Der Angeklagte Paolo Gabriele (r.), Ex-Kammerdiener des Papstes, vor Gericht
Bei Gabriele waren vertrauliche Dokumente gefunden worden, die teils direkt vom Schreibtisch des Papstes stammten. Dem 46 Jahre alten Familienvater wird schwerer Diebstahl vorgeworfen, dafür drohen ihm bis zu vier Jahre Haft. Das Verfahren gegen einen wegen Beihilfe angeklagten Informatiker Claudio Sciarpelletti wurde abgetrennt. Bei ihm wurde ein Umschlag mit Papieren gefunden, die aber entgegen früherer Angaben nicht vertraulich gewesen seien.
Insgesamt acht Zeugen seien für Gabriele benannt worden. Unter ihnen ist neben etwa einem halben Dutzend Gendarmen und einer Helferin aus dem päpstlichen Haushalt auch der päpstliche Privatsekretär Georg Gänswein. Ob und wann Gänswein vor Gericht aussagen wird, blieb offen. Ergebnisse der vom Papst in dem Fall eingesetzten Kardinalskommission werden nicht in den Prozess einfließen - die kirchliche und die weltliche Aufklärung bleiben streng getrennt.
Gabriele erschien in Begleitung seiner Anwältin Cristiana Arru vor dem mit drei italienischen hochkarätigen Juristen besetzten unabhängigen Tribunal. Nach vatikanischem Recht wäre seine Anwesenheit nicht unbedingt notwendig gewesen.
Sollte Gabriele eine Haftstrafe bekommen, müsste er diese in einem italienischen Gefängnis absitzen. Der Papst kann ihn aber begnadigen. Neben Vertretern der Vatikan-Medien "Osservatore Romano" und Radio Vatikan waren nur acht Journalisten zugelassen.

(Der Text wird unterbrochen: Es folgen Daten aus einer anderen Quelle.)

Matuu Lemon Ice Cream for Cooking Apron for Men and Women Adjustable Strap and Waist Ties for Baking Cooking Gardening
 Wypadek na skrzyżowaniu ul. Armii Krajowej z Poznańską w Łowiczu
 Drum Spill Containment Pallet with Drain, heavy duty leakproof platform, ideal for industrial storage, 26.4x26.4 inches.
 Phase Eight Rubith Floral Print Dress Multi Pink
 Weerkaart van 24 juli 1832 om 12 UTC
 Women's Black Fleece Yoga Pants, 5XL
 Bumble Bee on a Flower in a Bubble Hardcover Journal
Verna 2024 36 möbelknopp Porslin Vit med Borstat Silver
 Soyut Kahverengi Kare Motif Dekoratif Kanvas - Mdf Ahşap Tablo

Die Ermittler hätten bei Gabriele insgesamt 82 Kartons voll Papiere sichergestellt, sagte Vatikansprecher Federico Lombardi. "In dieser Masse von Dokumenten waren auch Dokumenten, die mit der Anklage in Verbindung standen", sagte Lombardi. Jedoch habe es sich vielfach auch um Unterlagen gehandelt, die sich Gabriele aus persönlichem Interesse etwa aus dem Internet ausgedruckt hatte.
Neben den Kopien von Hunderten Dokumenten waren bei Gabriele ein auf Papst Benedikt XVI. ausgestellter Scheck über 100 000 Euro, ein Goldklumpen - der möglicherweise gar nicht aus Gold ist - sowie ein wertvolles Buch aus dem 16. Jahrhundert gefunden worden. Diese Geschenke an den Papst habe er zurückbringen wollen, gab Gabriele an.